This stoneware bowl by the English potter Bernard Leach was given to the Victoria and Albert Museum by Lt-Colonel K. Dingwall, a generous supporter of the Museum, in 1926.
This bowl was one of Leach's favourites: 'I like this cut-sided pot as well as anything I have made'. It was illustrated by him in several significant publications, including his famous 'A Potter's Book', perhaps the most influential book on pottery making ever written, first published in 1940 and in print ever since, translated into a dozen different languages. But the qualities of this bowl were actually the result of an accident.
Leach was the founder of the British studio pottery movement, and one of the world's key figures in encouraging the development of small-scale craft production. His training as a potter in Japan 1910-20 is often seen as the foundation for his later success. But Leach faced considerable difficulties in establishing his pottery in St Ives, not least of which was finding fuel with which to fire his kiln – Cornwall being particularly short of woods and forests.

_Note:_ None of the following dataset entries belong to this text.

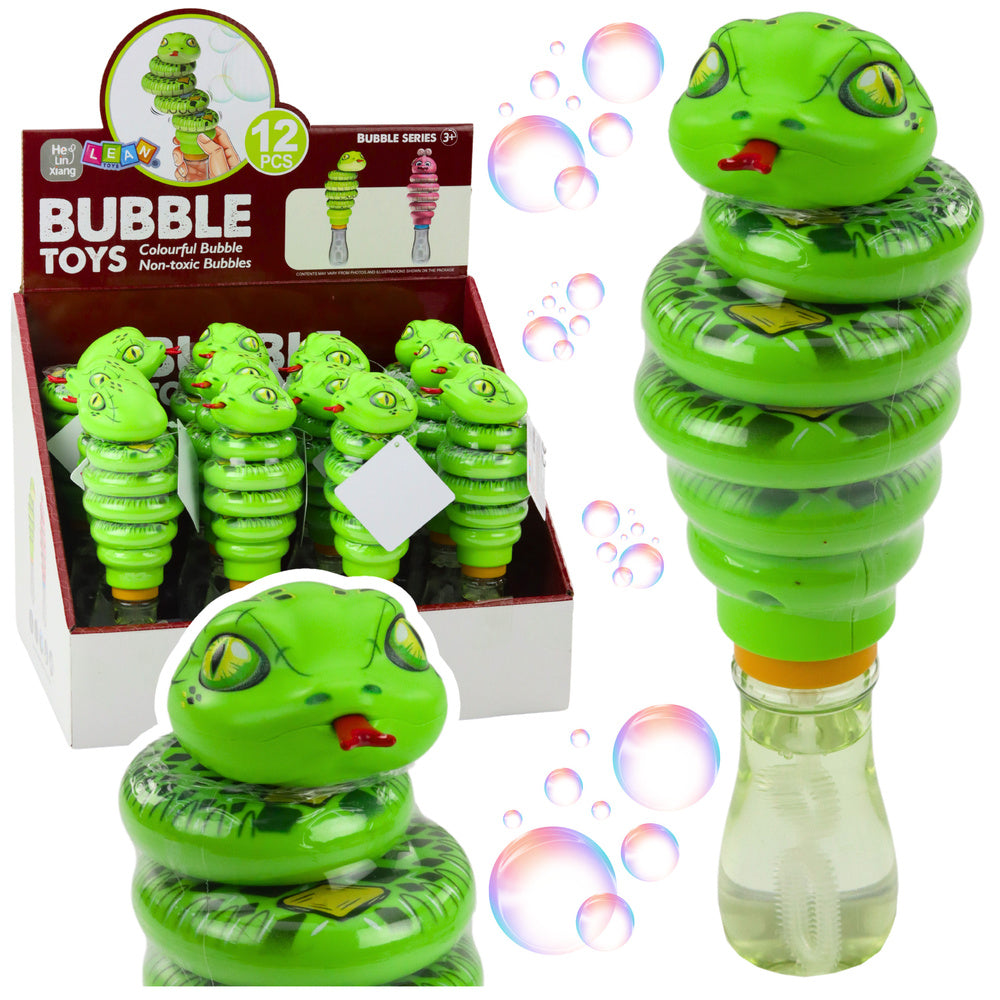Brinquedo Bolhas de Sabão Cobra Rotativa 2 em 1 Verde (1 unidade, sortido)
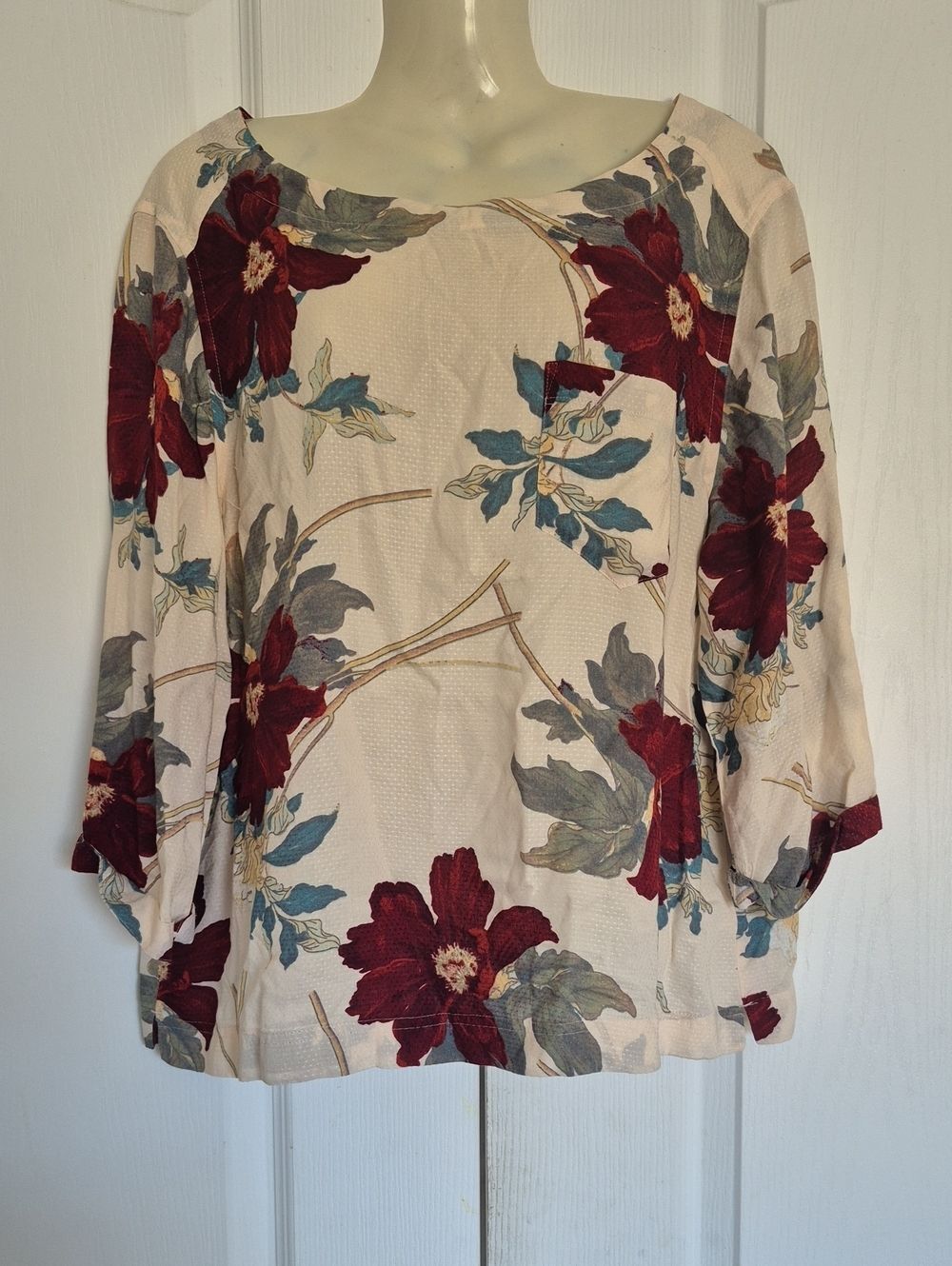 Women's Cream Floral Scoop Neck Blouse with Burgundy Blooms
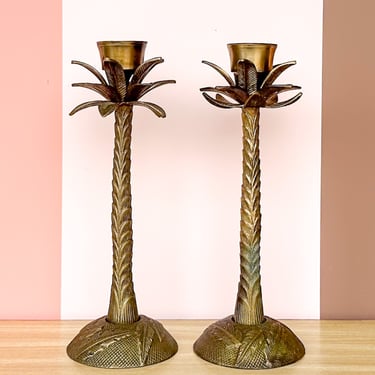 Pair of Brass Palm Tree Candlesticks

Leach explains: 'I was helped by the kiln: we were using some railway sleeper wood as fuel, not knowing that it contained salt-peter for preservation, and although many pots were thereby ruined, a few, including this one glazed with celadon, came out with a matted surface
and pleasant, warm discoloration.'
The bowl had received an accidental salt-glaze on top of the intended stoneware glaze. Leach's regard for this piece is clearly shown by the price he asked for it. The exhibition label still stuck to the pot records the very large sum of £12 - more than twice the weekly income Leach was hoping to earn himself in those days.